# SUPPLIED INFORMATION
————————

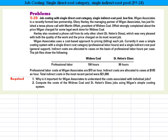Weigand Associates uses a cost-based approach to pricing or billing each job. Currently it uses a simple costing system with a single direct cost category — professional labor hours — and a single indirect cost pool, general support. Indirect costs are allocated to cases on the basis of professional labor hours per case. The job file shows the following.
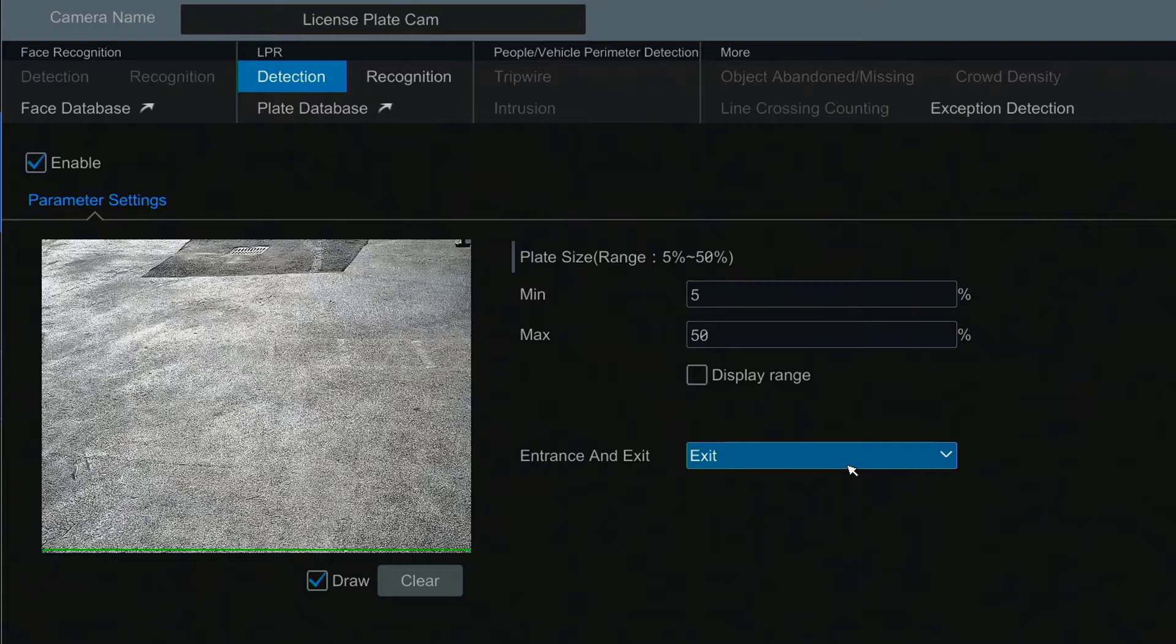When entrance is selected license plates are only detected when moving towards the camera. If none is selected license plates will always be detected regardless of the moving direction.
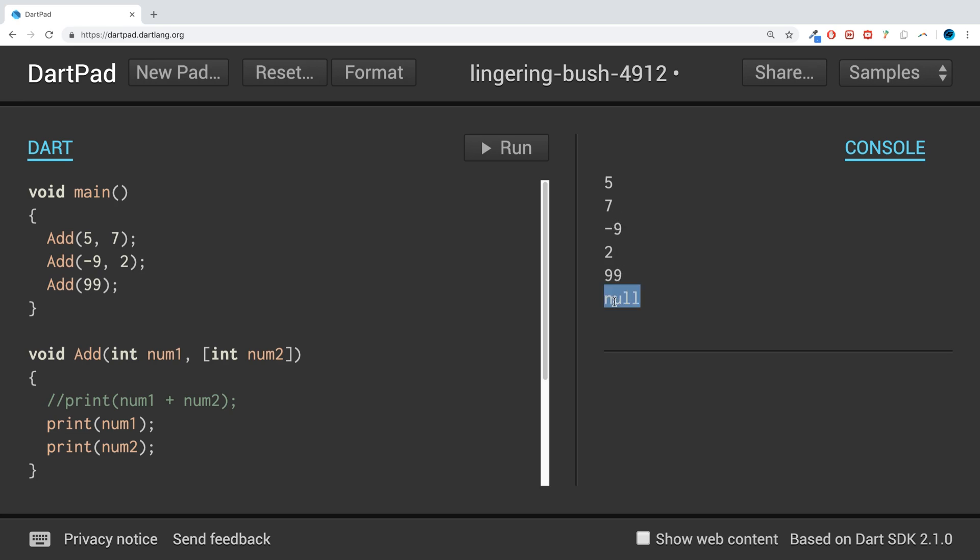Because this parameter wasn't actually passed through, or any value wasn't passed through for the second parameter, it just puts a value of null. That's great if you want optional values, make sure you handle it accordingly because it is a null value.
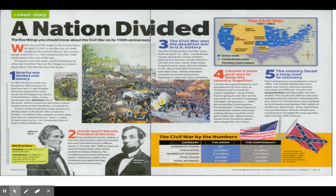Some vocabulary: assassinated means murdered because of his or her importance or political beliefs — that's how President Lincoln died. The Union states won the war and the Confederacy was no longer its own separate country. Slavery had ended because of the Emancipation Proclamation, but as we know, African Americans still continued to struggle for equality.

————————

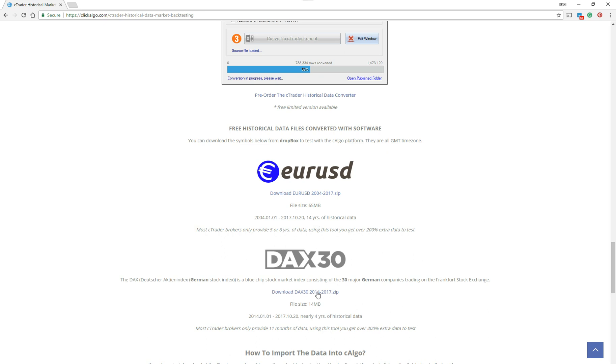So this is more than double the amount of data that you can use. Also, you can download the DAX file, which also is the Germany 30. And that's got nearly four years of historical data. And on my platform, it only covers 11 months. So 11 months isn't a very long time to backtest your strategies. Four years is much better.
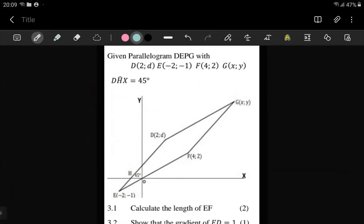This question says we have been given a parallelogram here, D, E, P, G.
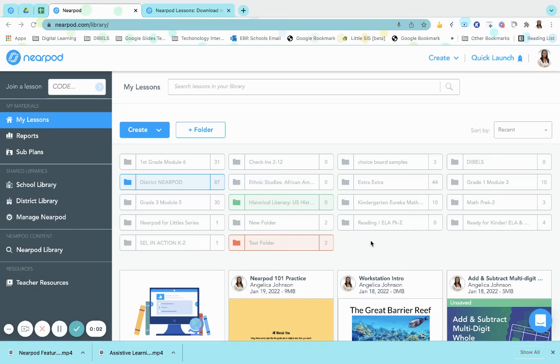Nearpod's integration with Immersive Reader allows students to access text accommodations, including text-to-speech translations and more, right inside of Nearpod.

————————

# TASK DIRECTIONS
Give exactly the lines above that run from the line with "Weigand Associates uses" to the line with "Some vocabulary: assassinated", both included, leaving every picture out.

# REPLY TO THE TASK
Weigand Associates uses a cost-based approach to pricing or billing each job. Currently it uses a simple costing system with a single direct cost category — professional labor hours — and a single indirect cost pool, general support. Indirect costs are allocated to cases on the basis of professional labor hours per case. The job file shows the following.
When entrance is selected license plates are only detected when moving towards the camera. If none is selected license plates will always be detected regardless of the moving direction.
Because this parameter wasn't actually passed through, or any value wasn't passed through for the second parameter, it just puts a value of null. That's great if you want optional values, make sure you handle it accordingly because it is a null value.
Some vocabulary: assassinated means murdered because of his or her importance or political beliefs — that's how President Lincoln died. The Union states won the war and the Confederacy was no longer its own separate country. Slavery had ended because of the Emancipation Proclamation, but as we know, African Americans still continued to struggle for equality.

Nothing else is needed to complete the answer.